## What is being asked
In the records below, the lines between the one holding "2014 Chevrolet Cruze" and the one holding "Chapter 585 - Page 16", inclusive, are to be transcribed exactly; no pictures are to be included.

## Records shown
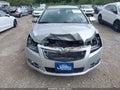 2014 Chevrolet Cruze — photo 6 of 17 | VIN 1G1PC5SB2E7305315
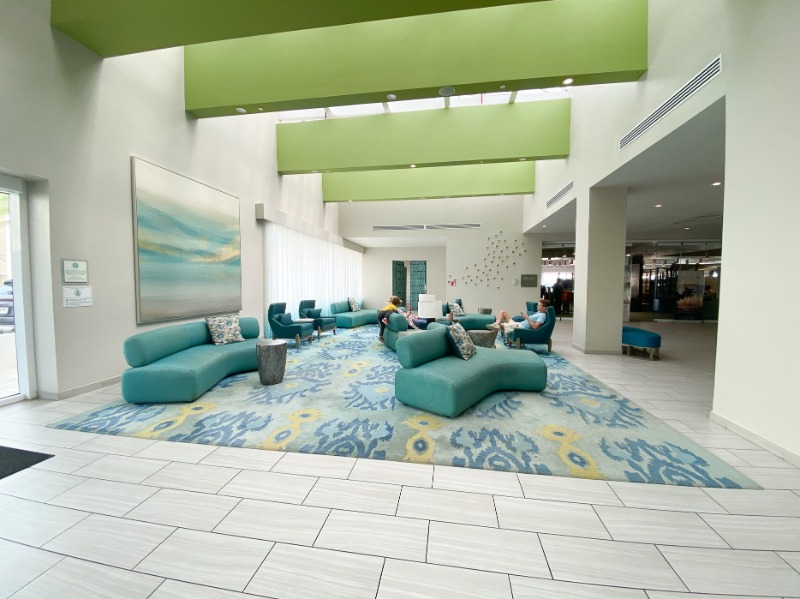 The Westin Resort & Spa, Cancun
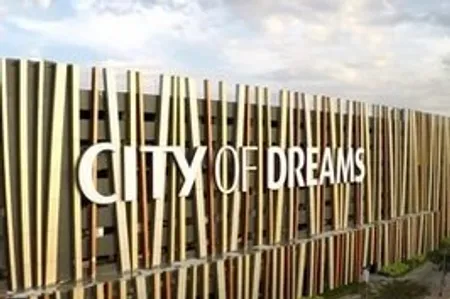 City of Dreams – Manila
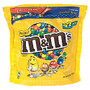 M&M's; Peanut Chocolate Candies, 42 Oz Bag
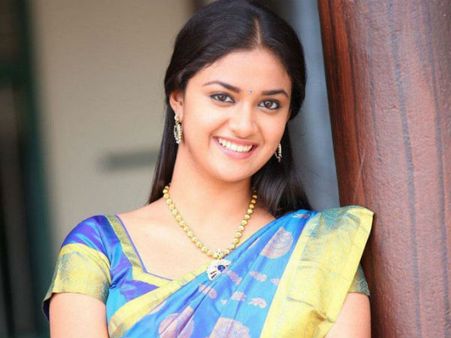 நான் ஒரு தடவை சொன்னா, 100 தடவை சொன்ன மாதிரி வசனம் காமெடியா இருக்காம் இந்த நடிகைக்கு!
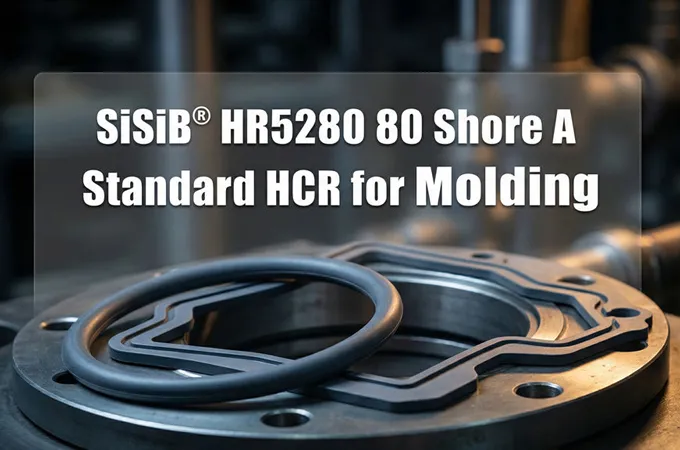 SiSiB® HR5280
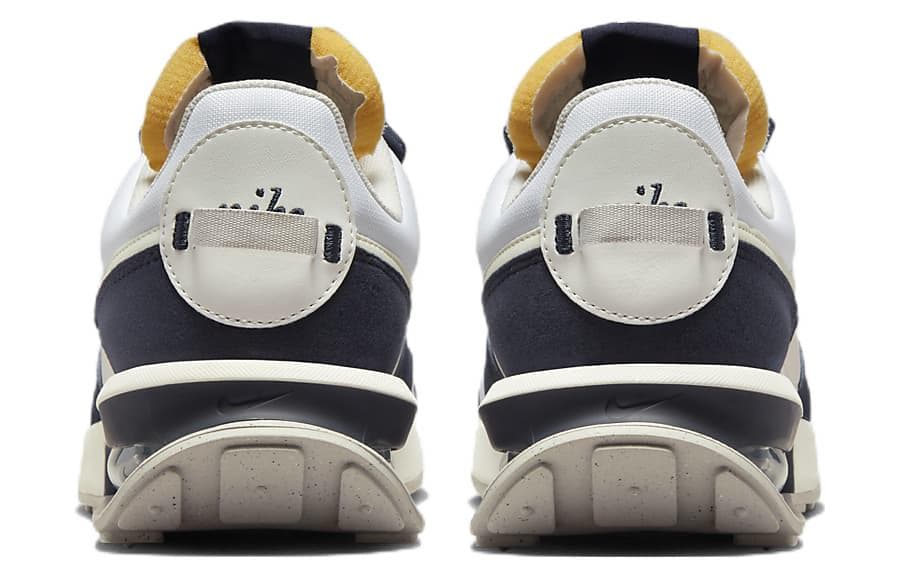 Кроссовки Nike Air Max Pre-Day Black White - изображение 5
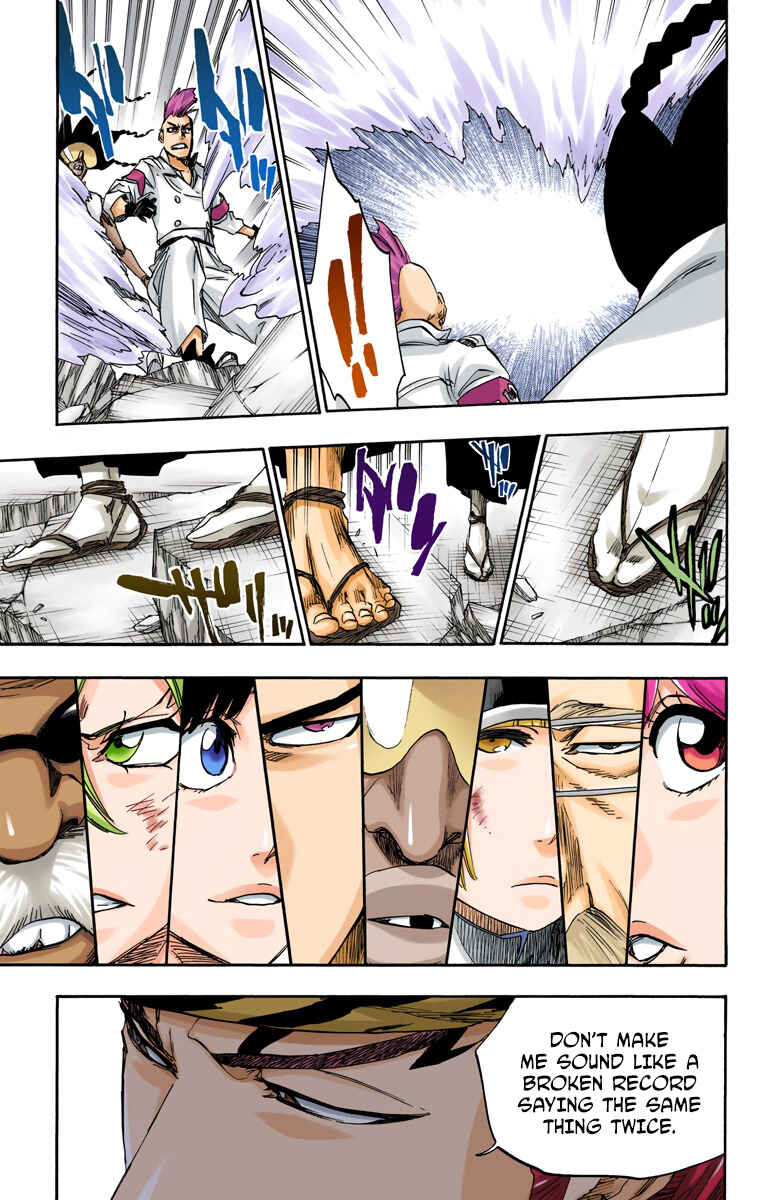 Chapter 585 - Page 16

...

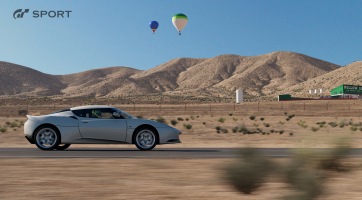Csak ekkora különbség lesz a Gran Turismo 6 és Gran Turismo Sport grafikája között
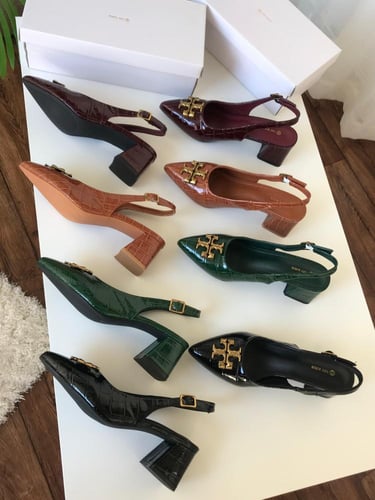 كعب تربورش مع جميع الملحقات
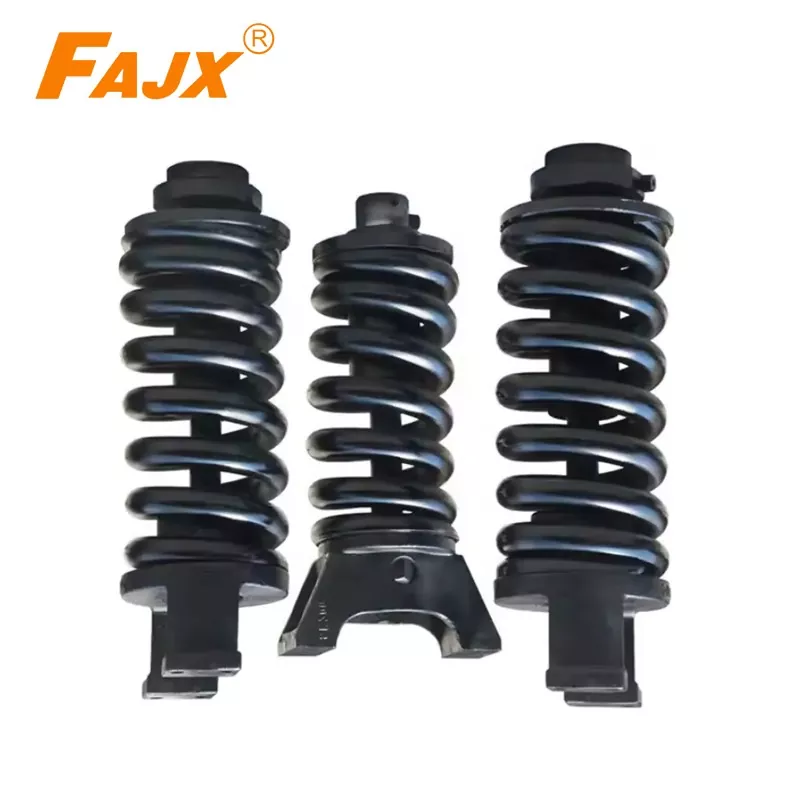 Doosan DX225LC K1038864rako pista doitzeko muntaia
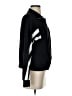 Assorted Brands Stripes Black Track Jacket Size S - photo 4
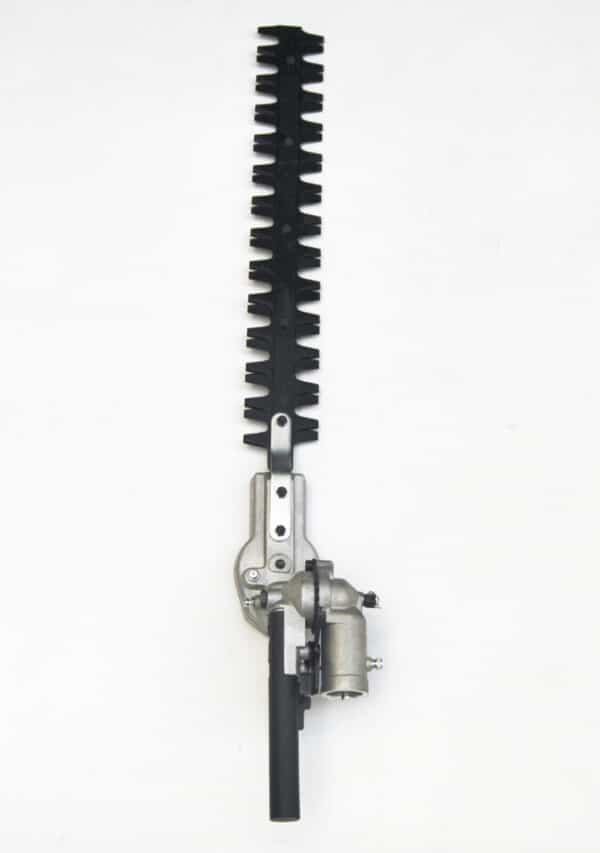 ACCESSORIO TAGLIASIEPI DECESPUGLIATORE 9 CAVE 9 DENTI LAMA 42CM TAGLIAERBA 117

## Answer section
 2014 Chevrolet Cruze — photo 6 of 17 | VIN 1G1PC5SB2E7305315
 The Westin Resort & Spa, Cancun
 City of Dreams – Manila
 M&M's; Peanut Chocolate Candies, 42 Oz Bag
 நான் ஒரு தடவை சொன்னா, 100 தடவை சொன்ன மாதிரி வசனம் காமெடியா இருக்காம் இந்த நடிகைக்கு!
 SiSiB® HR5280
 Кроссовки Nike Air Max Pre-Day Black White - изображение 5
 Chapter 585 - Page 16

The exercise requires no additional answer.